**WHAT TO DO**. Word for word, restate the lines from the top of the records below through the line with "Rainbow Leopard Pattern Print Long Socks", both included, with no pictures in the result.

**PROVIDED DATA**.
++++++++++++++++++++

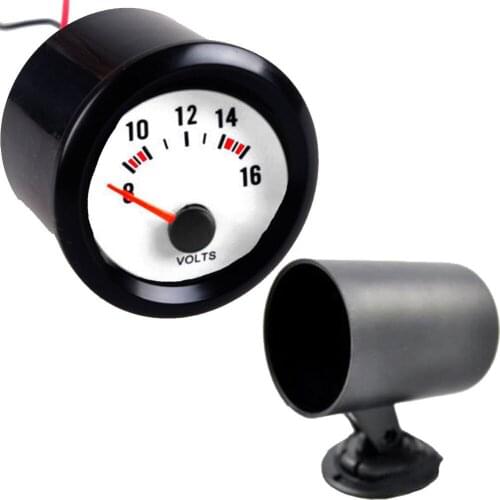 EE support 2" 52mm Black Shell Universal Pointer Volt Gauge Car accessories Dials 8V-16V LED + Pod Holder Automobile Parts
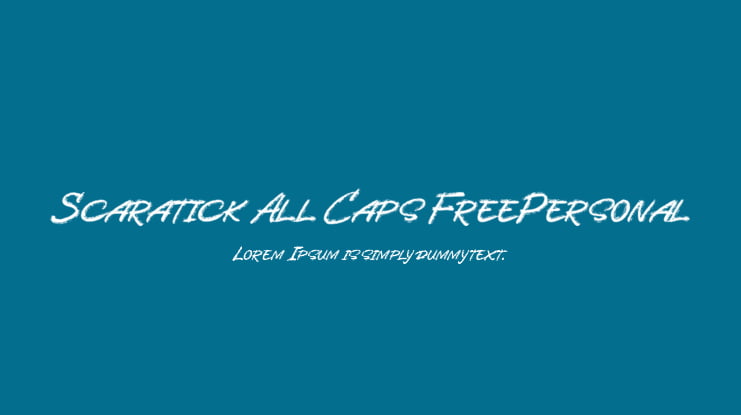 Scaratick All Caps FreePersonal Font Family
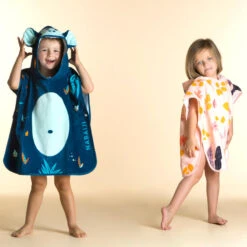 Poncho De Bain Coton Bébé - Singe Bleu Foncé -Nabaiji poncho de bain coton bebe singe bleu fonce 3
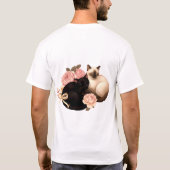 Heartbound: Siamese & Black Cats in Bloom T-shirt (Achterkant)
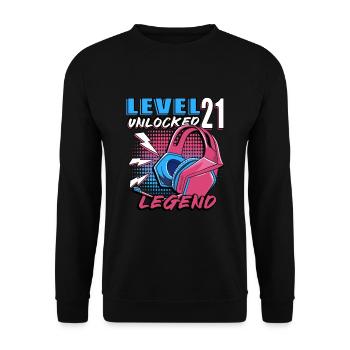 Level 21 freigeschaltet Lustiger Videospieler 21. - Unisex Pullover - Schwarz - Vorne - Alina (178cm) & Michal (187cm)
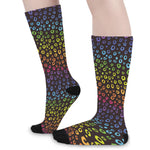 Rainbow Leopard Pattern Print Long Socks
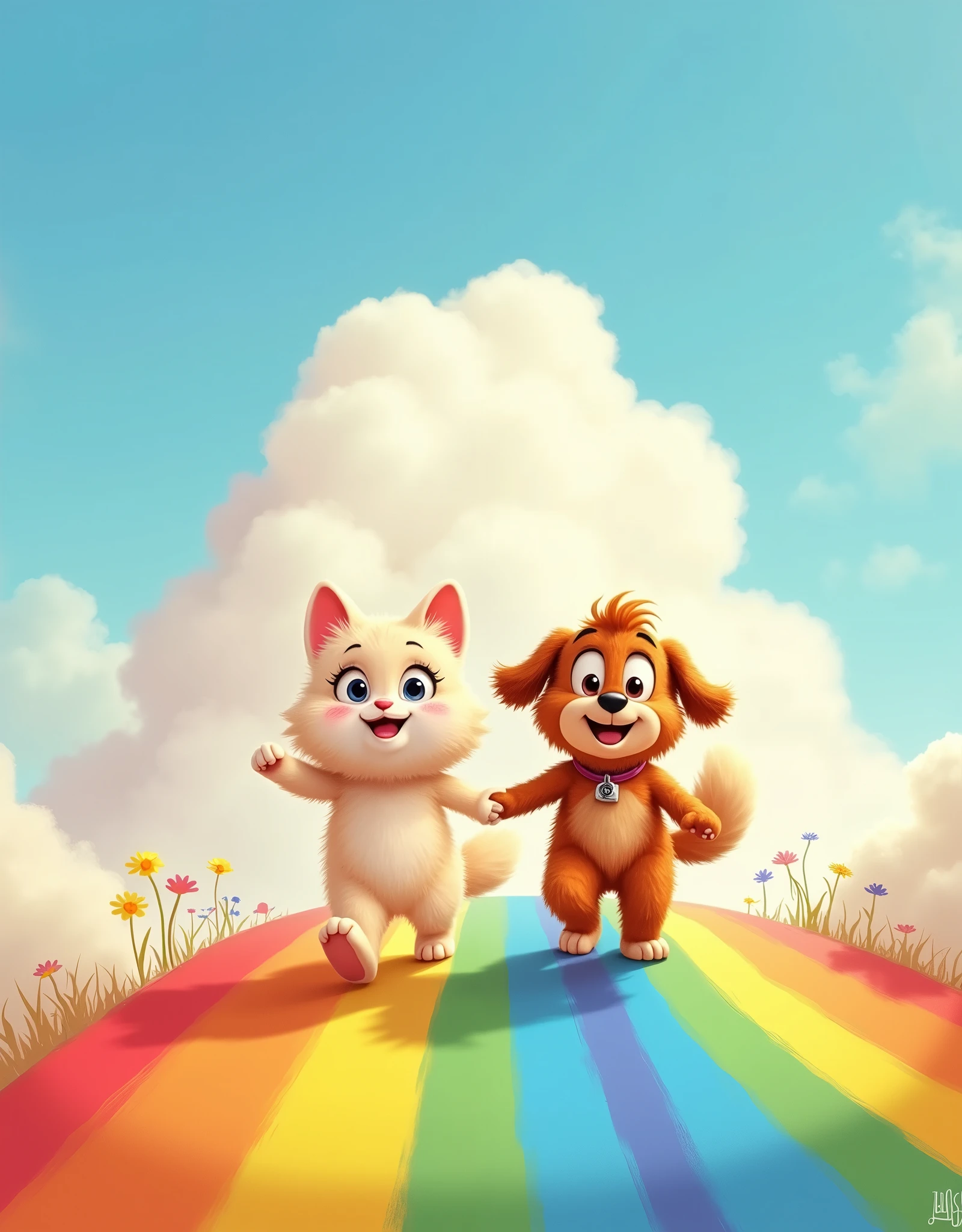  a cute kitty and a funny dog are marching(весело идут across the rainbow to the clouds ) across the rainbow to the clouds , cute style, kindness , funny ,Pixar,hand drawn style,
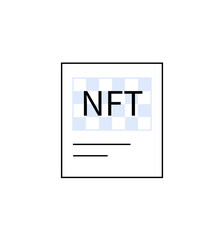Simple NFT icon with grid background, symbolizing the concept of digital ownership and assets. Use in NFT markets, digital assets, blockchain technology, online ownership, and crypto assets.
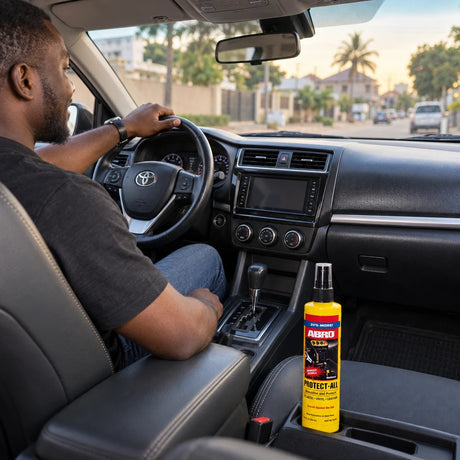 Clean refreshed car dashboard with Abro Protect-All cleaner bottle visible after interior detailing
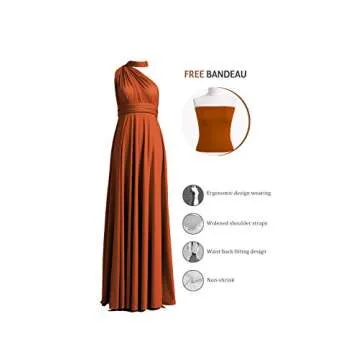 72styles Bridesmaid Dress Convertible Maxi Dress Burnt Orange - 72 Styles Available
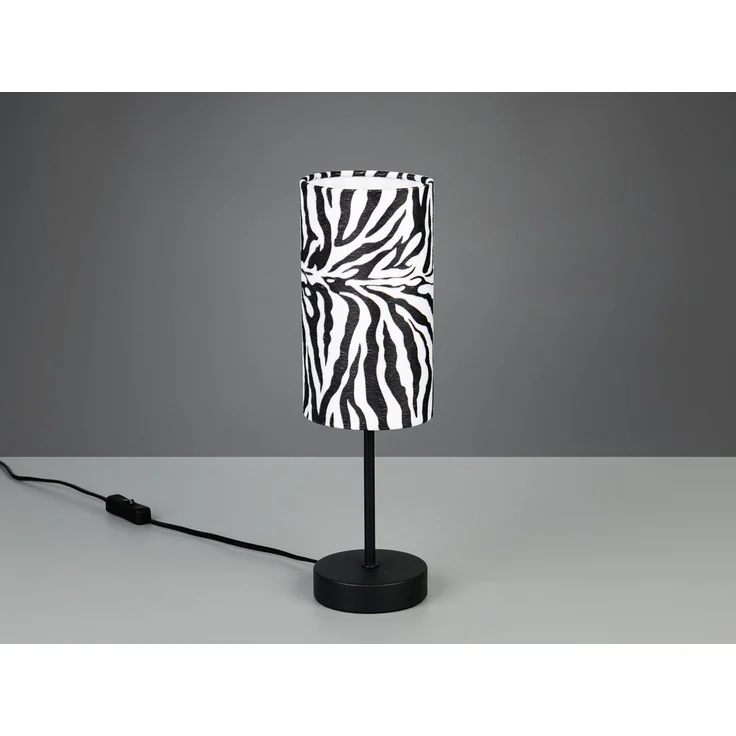 LED Tischlampe mit Stoffschirm Zebramuster, Höhe 36,5cm – Bild 6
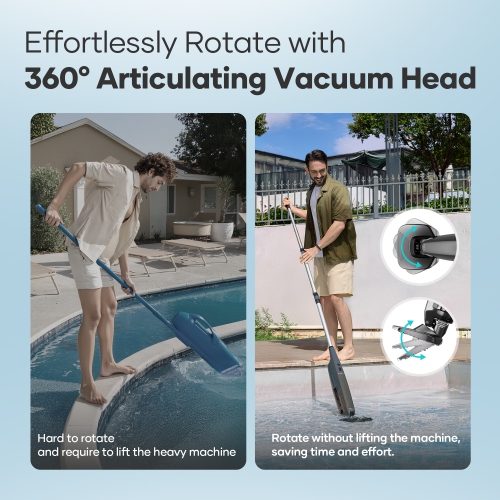 Aiper Pilot X1 - Handheld Pool Vacuum: Anti-Clog System, 1,260 GPH Suction, Dual Filters, Lightweight Design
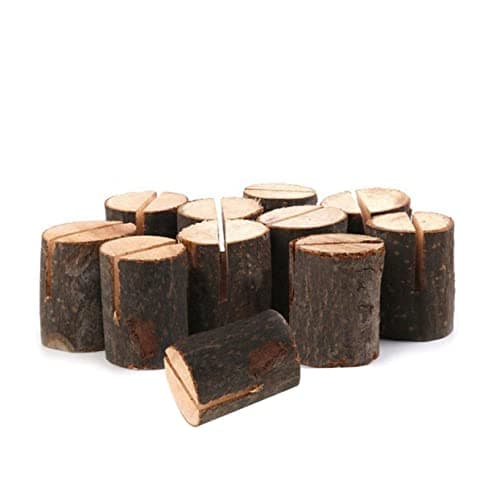 Image of ABOOFAN 12pcs Wooden Tree Stump Memo Holders Natural Larch Wood Place Card Holders for Table Decoration and Anniversaries Party Photo Memo Stand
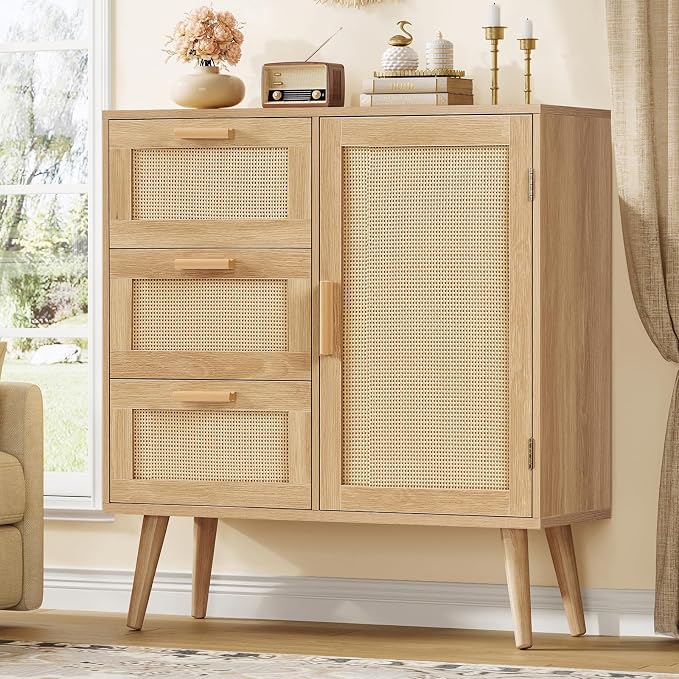 TEENFON Storage Cabinet with Rattan Door & 3 Drawers, Rattan Cabinet with - Image 2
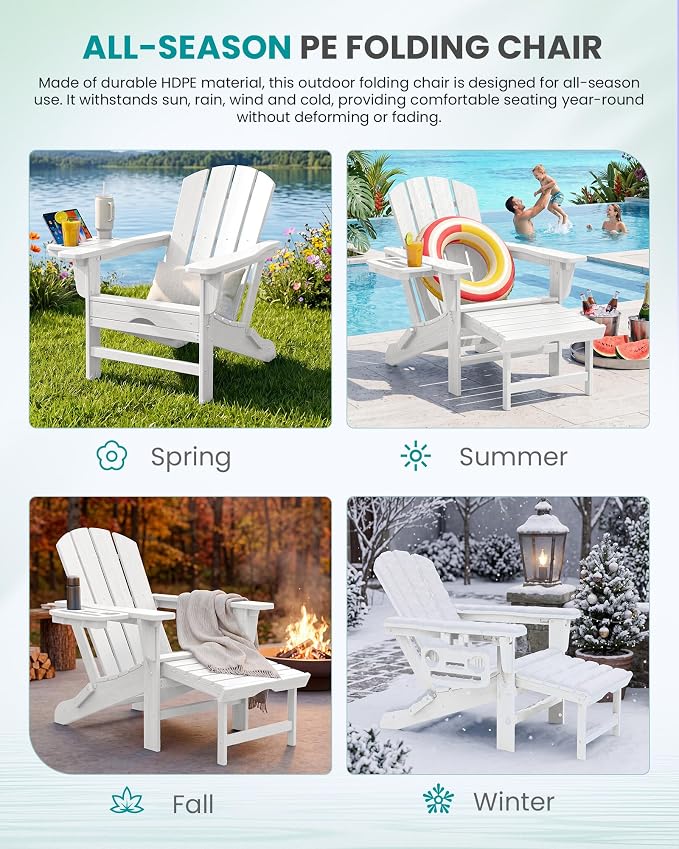SERWALL Folding Adjustable Adirondack Chairs with Footrest Set of 2, HDPE Outdoor Chair with 4-in-1 Cup Holders, All Weather Adirondack Chair with Ottoman, White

++++++++++++++++++++

**COMPLETED TASK**.
 EE support 2" 52mm Black Shell Universal Pointer Volt Gauge Car accessories Dials 8V-16V LED + Pod Holder Automobile Parts
 Scaratick All Caps FreePersonal Font Family
 Poncho De Bain Coton Bébé - Singe Bleu Foncé -Nabaiji poncho de bain coton bebe singe bleu fonce 3
 Heartbound: Siamese & Black Cats in Bloom T-shirt (Achterkant)
 Level 21 freigeschaltet Lustiger Videospieler 21. - Unisex Pullover - Schwarz - Vorne - Alina (178cm) & Michal (187cm)
 Rainbow Leopard Pattern Print Long Socks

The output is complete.